### Get authors in 'The_Donald' and 'politics' subreddits

In [1]:
import os
import time

start_time = time.process_time()
# Read author list from previously extracted author file
don_author_list = []
with open('./authorList/donList.txt') as file:
    for author in file:
        don_author_list.append(author.split('\n')[0])
pol_author_list = []
with open('./authorList/polList.txt') as file:
    for author in file:
        pol_author_list.append(author.split('\n')[0])
# Read mutual author list from previously extracted author file
mutual_author_list = []
with open('./authorList/mutualAuthorList.txt') as file:
    for author in file:
        mutual_author_list.append(author.split('\n')[0])

end_time = time.process_time()
print('running time: ', (end_time-start_time))
print('authors in The_Donald: ', len(don_author_list))
print('authors in politics: ', len(pol_author_list))
print('authors in both The_Donald and politics: ', len(mutual_author_list))

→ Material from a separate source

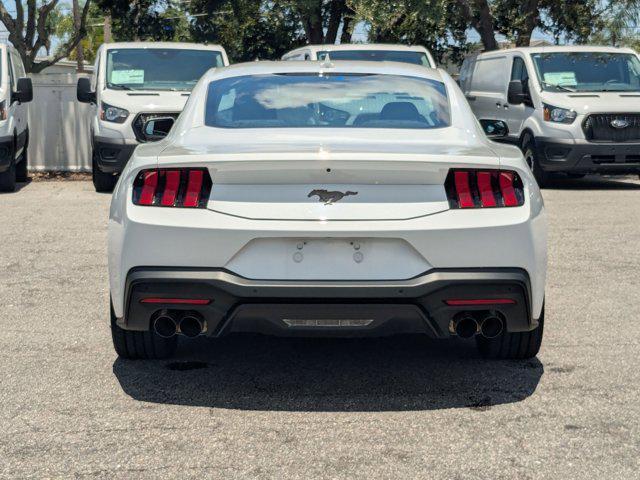 Photo of 2025 Oxford White Ford Mustang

running time:  0.2668570000000001
authors in The_Donald:  145776
authors in politics:  251153
authors in both The_Donald and politics:  48168


### Sentimental Score Distribution for each user in 'The_Donald' and 'politics'

In [2]:
import os
import pandas as pd
import plotly.plotly as py
import plotly.figure_factory as ff

def gextAuthorSentiscores(file_path, folder_path):
    author_list = []
    with open(file_path) as file:
        for author in file:
            author_list.append(author.split('\n')[0])
    # Initialize dict with value 0 and key are the authors
    author_comm_count = {key: 0 for key in author_list}
    author_scores = {key: 0 for key in author_list}

#     folder_path = './The_Donald'
    files = os.listdir(folder_path)
    process = 0
    file_num = len(files)
    
    for file in files:
        process += 1
        filename = '{0}/{1}'.format(folder_path, file)
        try:
            df = pd.read_csv(filename, sep='\t')
            authors = df['author']
            for author in authors:
                author_comm_count[author] += 1
            for author in authors.unique(): # Get the sum of senti_score for each author
                author_scores[author] += df.loc[df['author'] == author, ['senti_score']].sum()
            print('Processing {0}/{1}'.format(process, file_num))
        except:
            pass
            
        author_avgScore = {}
        count_limit = 50 # Only concern those authors who post more than 50 comments
        for author in author_comm_count.keys():
            try:
                if author_comm_count[author] > count_limit: # Calculate the average senti_score for each author
                    author_avgScore[author] = author_scores[author] / author_comm_count[author]
            except:
                pass

    # Convert average author senti_score dict to DataFrame, sort by senti_score
    df_avgScore = pd.DataFrame(author_avgScore)
    df_avgScore = df_avgScore.transpose().sort_values('senti_score', ascending=False)
    return df_avgScore['senti_score'].values



In [None]:
# Calculate average senti_score for each author in 'The_Donald' subreddit
don_file_path = './donList.txt' # Path to the author list in 'The_Donald'
don_folder_path = './The_Donald' # Previous extracted data folder
don_authors_senti = getAuthorSentiscores(don_file_path, don_folder_path)
# don_authors_senti.to_csv('./sentiscore_analysis/don_author.csv', sep='\t')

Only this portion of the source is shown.